Task directions — Please restate each line of the material word for word and omit any pictures.

Source data —
# # # # #

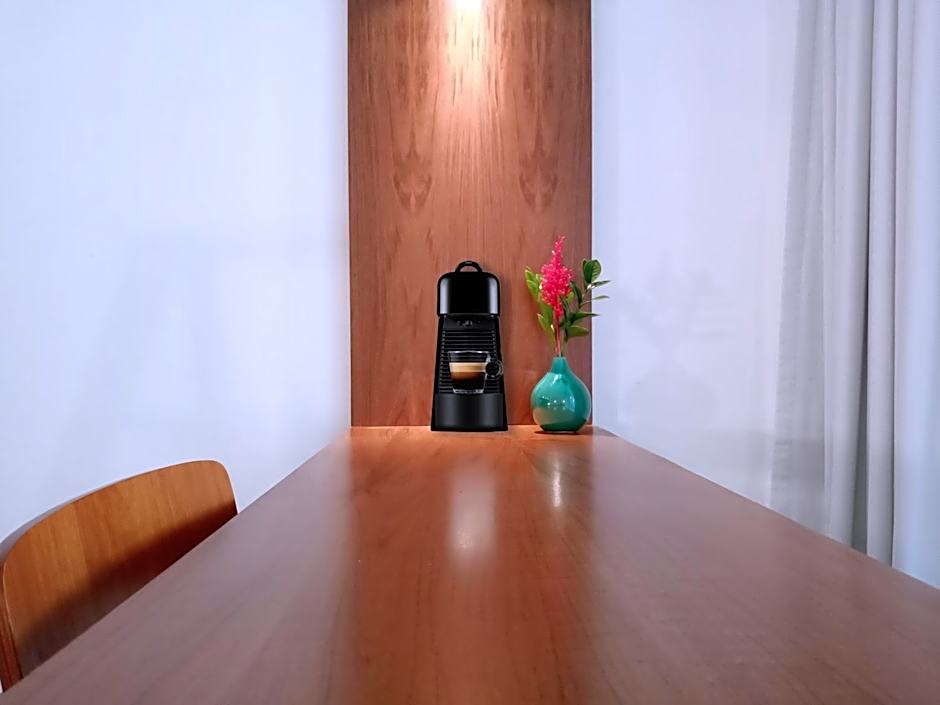 Huayacán Cuernavaca Curamoria Collection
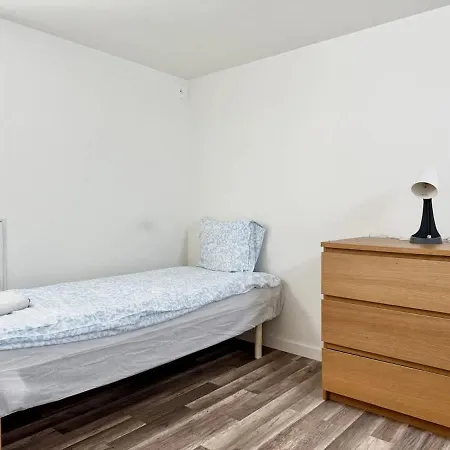 Workers - 3 Bedroom - 6 Beds - Free Parking Feriehus *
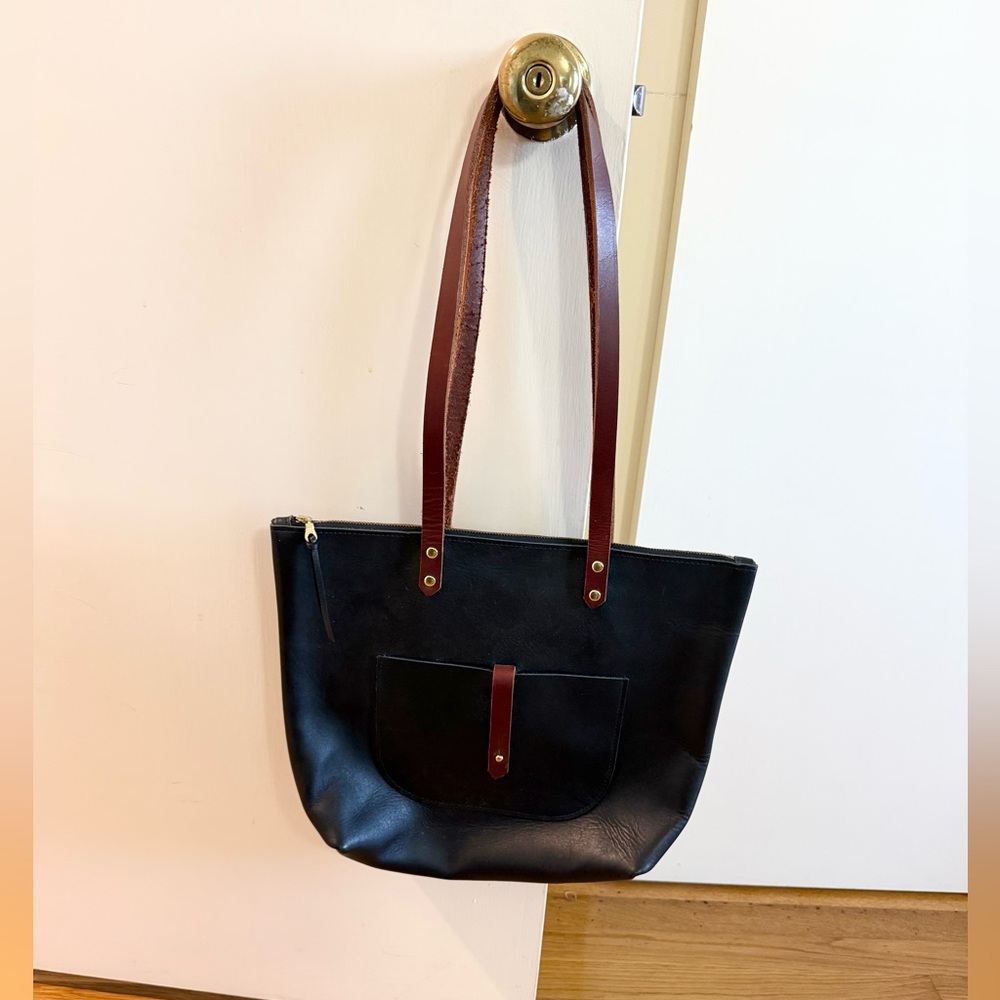 Neva Opet Nikki Zip Tote in Black and Cognac - Picture 5 of 10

# # # # #

Answer to the exercise —
 Huayacán Cuernavaca Curamoria Collection
 Workers - 3 Bedroom - 6 Beds - Free Parking Feriehus *
 Neva Opet Nikki Zip Tote in Black and Cognac - Picture 5 of 10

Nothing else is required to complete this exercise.